• [GOAL OF THE EXERCISE] Every line below from the one containing "2802 Pinnacle Drive, Burleson, TX 76028" through the one containing "Snapshot of Catty_Lady" is to be printed exactly, with the pictures omitted.

• [MATERIAL PROVIDED]
......

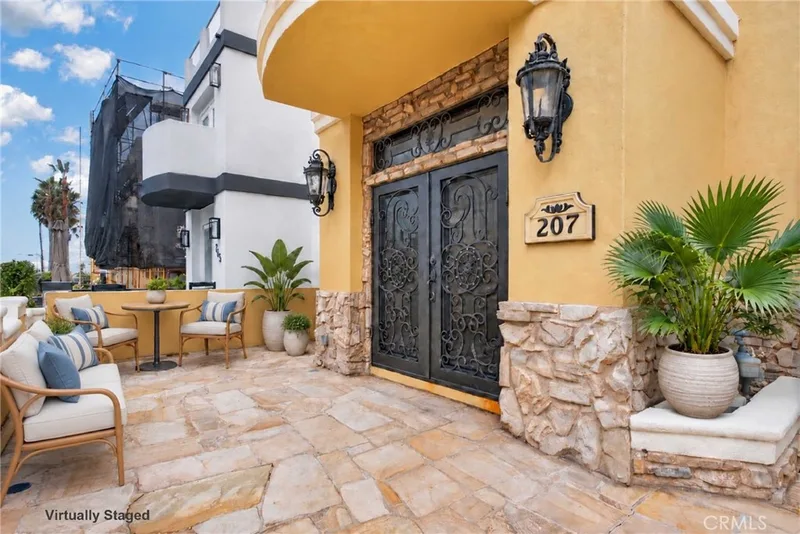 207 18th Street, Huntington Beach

......

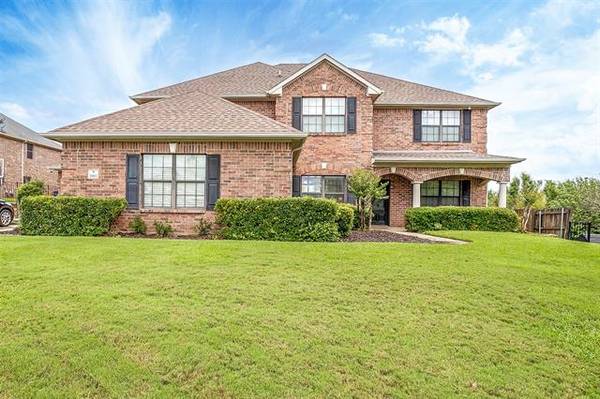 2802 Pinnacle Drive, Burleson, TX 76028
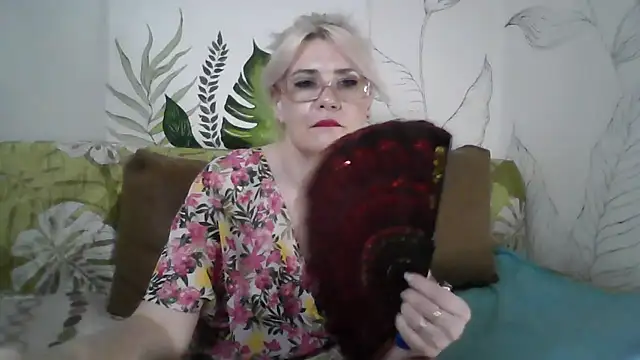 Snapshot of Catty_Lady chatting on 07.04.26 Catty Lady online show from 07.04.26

......

• [OUTPUT]
 2802 Pinnacle Drive, Burleson, TX 76028
 Snapshot of Catty_Lady chatting on 07.04.26 Catty Lady online show from 07.04.26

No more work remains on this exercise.